Question

I have a scenario where i declare a variable real*8 and read a value

0.1234123412341234

which is stored in a file.

When i try to read it on Linux to a variable and display the value, it prints

0.12341234123412

whereas when i run the same code for AIX it prints the value

0.12341234123412370

Why does both the platform print different values for the same code? Is there any possibility to overcome this without using format specifier?

P.S

AIX compiler is xlf

Linux compiler is ifort

Was it helpful?

Solution

I assume that you are using list-directed IO, write (X, *). While this type of IO is convenient, the output is not fully specified by the standard.
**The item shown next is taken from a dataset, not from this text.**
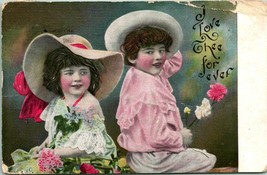 Vtg Postcard 1907 Victorian Valentines Card - Embbossed Children w Flowers  - £5.47 GBP
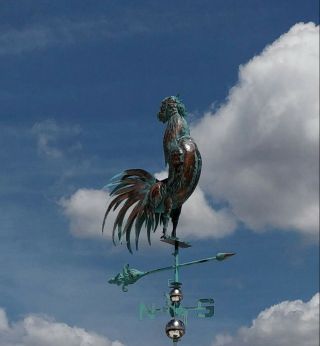 Xl 3d Crowing Rooster Weather Vane Aged Copper Patina Finish Handcrafted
If you want your output to be extremely similar across compilers and platforms, you should use a format. (You might still have small variations in results due to the use of finite-precision arithmetic.)

OTHER TIPS

You shouldn't use REAL*8 for declaring double variables, you should use

INTEGER, PARAMETER :: prec = SELECTED_REAL_KIND(15,307)
REAL(prec) :: variable

to specify a portable double-precision variables (see here for more details).

In any event, the problem you are experiencing is related to precision. A double-precision variable can go to 15 digits before becoming wrong, which appears to be the case with both compilers. In fact, I would argue that these are indeed the same number because of how close they are (a % difference of about 3E-12).